Sobre estar pronto

Você muitas vezes pode querer esperar estar pronto para começar. Ou para recomeçar. Para colocar um fim. Para tomar aquela decisão importante que poderá dar uma volta misteriosa em sua vida. Uma volta rumo a não sei onde. Rumo a estradas tortuosas, mas desejadas. Você muitas vezes pode querer esperar estar pronto para o desejo. Ou para dar partida ao desejo. Entendo o cuidado. É compreensível que se tenha cautela diante de escolhas e mudanças. Afinal, a vida é delicada. Um fio de doçura. É fundamental no entanto, saber também que toda transformação só se dá na caminhada. No riscar dos passos. No arriscar do destino. No lançar-se à loucura das possibilidades. Afinal, a vida é potente. Um tronco de força.

Nunca se está deveras pronto para começar. Para recomeçar. Ou para colocar um fim. Fazer uma escolha é sempre escolher uma morte e um parto. E são dois momentos difíceis que experienciamos diversas vezes ao longo de nossa existência. Nascemos e morremos a cada escolha. Deixamos para trás peças que não nos servem mais, mas que deixam pontadas de saudades do que poderíamos ter sido. Saltamos rumo o desconhecido em nós, ávidos de amor e pálidos de medo. Mas saltar é preciso. Necessário. Urgente.

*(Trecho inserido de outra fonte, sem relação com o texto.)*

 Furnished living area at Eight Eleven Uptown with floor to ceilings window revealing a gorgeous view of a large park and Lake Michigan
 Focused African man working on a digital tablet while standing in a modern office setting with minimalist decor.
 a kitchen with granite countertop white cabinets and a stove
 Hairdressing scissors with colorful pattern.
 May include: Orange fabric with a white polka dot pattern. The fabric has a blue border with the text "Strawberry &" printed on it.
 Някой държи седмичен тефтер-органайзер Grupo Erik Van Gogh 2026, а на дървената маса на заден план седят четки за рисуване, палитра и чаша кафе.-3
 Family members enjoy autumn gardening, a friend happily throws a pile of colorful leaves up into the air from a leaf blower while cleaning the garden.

Se você germina um desejo há um tempo. Se você o trabalha em seu corpo, em sua alma e em seu coração há um bom período, talvez seja momento de iniciar os passos rumo à concretização. Não digo, é claro, que não existam limites. A realidade material é um limite concreto e, em alguns períodos, intransponível. Alguns desejos, no entanto, não são sufocados pela realidade material, mas por uma realidade mais delicada, sutil: por esse medo do pode advir da realização. Esse querer esperar estar pronto que venho trabalhando ao longo desse texto. É a desejos dessa ordem que me refiro.

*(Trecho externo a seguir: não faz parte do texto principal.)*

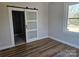 Bright bedroom with hardwood floors and barn door leading to bathroom at 330 West Blvd, Charlotte, NC 28203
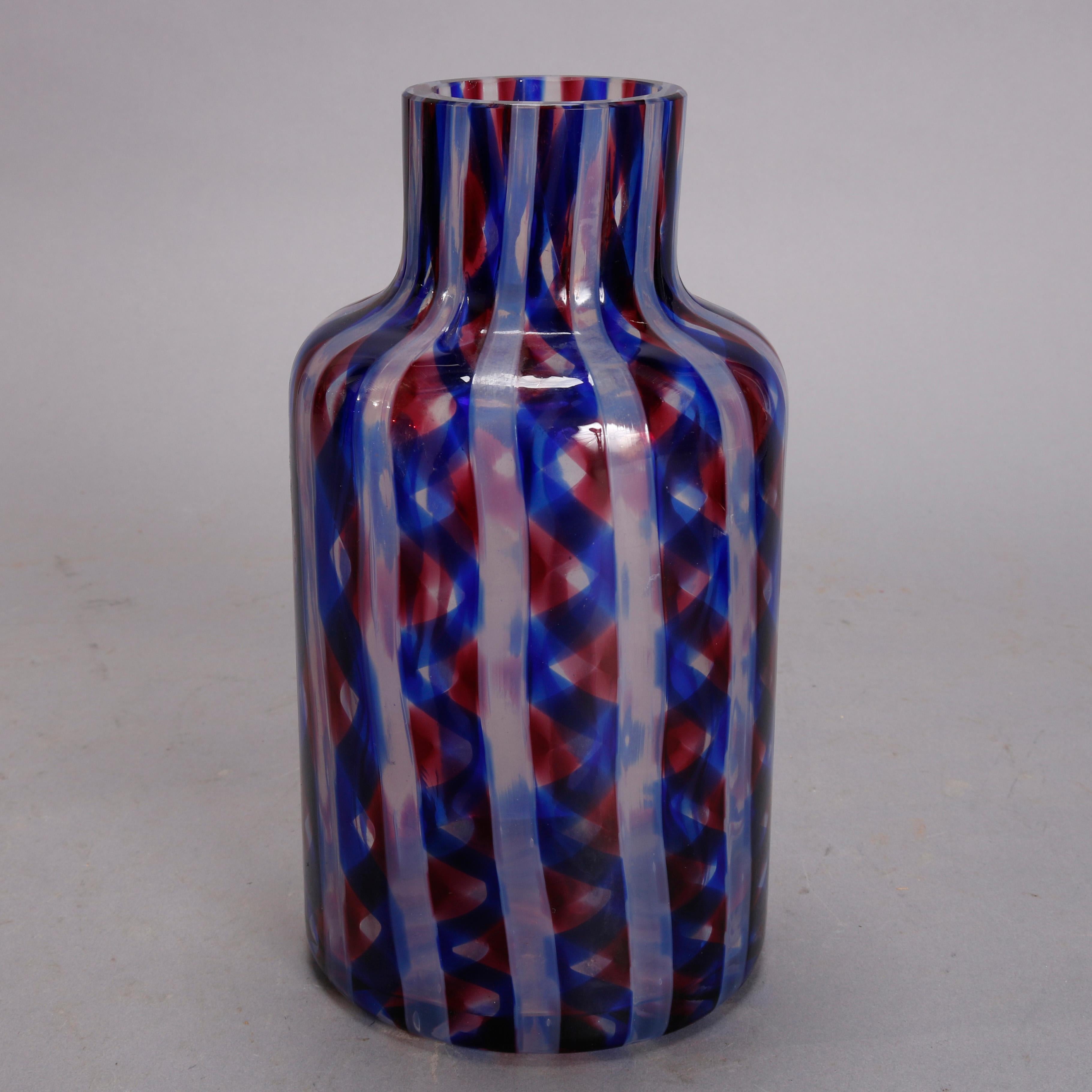 A Mid-Century Modern Italian Murano glass liquor decanter offers bottle form with swirled blue and red striping, 20th century

Measures: 11.5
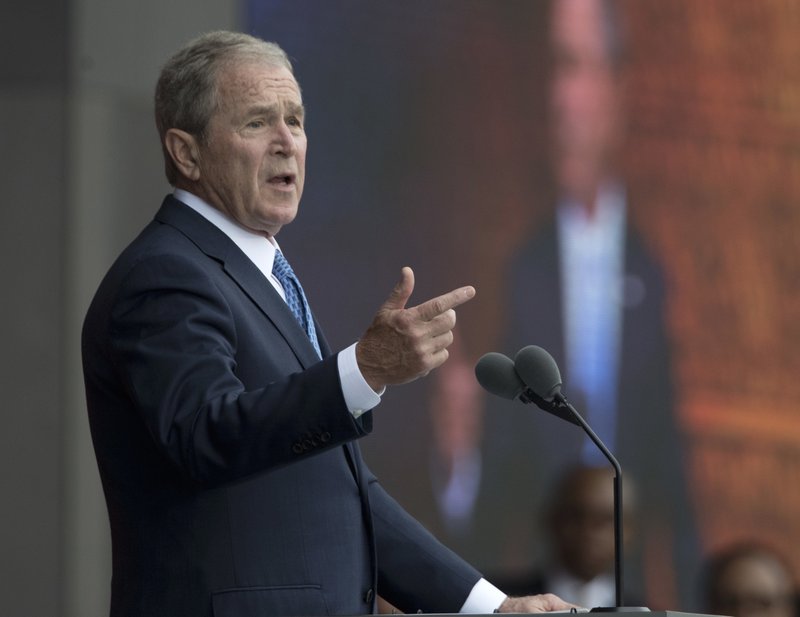 FILE - In this Sept. 24, 2016 file photo, former President George W. Bush speaks in Washington. Bush said Monday, Feb. 27, 2017, &quot;we all need answers&quot; on the extent of contact between President Donald Trump's team and the Russian government, and he defended the media's role in keeping world leaders in check. (AP Photo/Manuel Balce Ceneta, File)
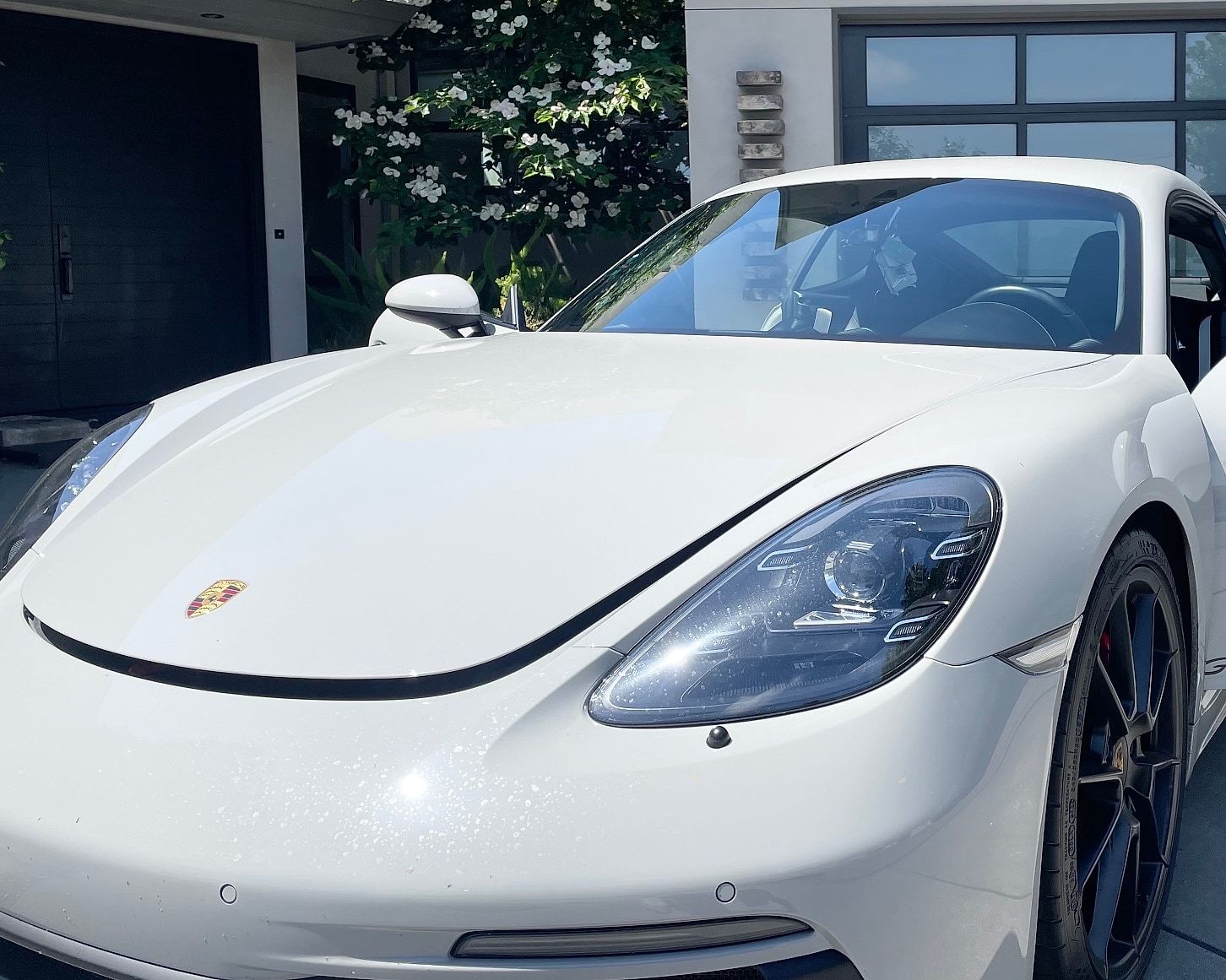 White Porsche Cayman GTS with a clear windshield, photographed on a mobile job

Percebo em meus pacientes que, na medida em que camadas de medo se desfazem, as possibilidades do desejo ganham maior concretude. Assumem mais corpo, mais potência, mais realidade. Às vezes, em passos pequenos. Como se fossem pequenos passos de uma criança aprendendo a andar. Ainda não está pronta. Mas está. Este é o paradoxo: você não está pronto, mas está. Você vai tropeçar, mas você já consegue dar três passos sem cair. Você tem um caminho a seguir. Você pode começar. Recomeçar. Ou colocar um fim. Uma morte e um parto. E sua vida resiste. E insiste. Porque sua vida é desejo e potência.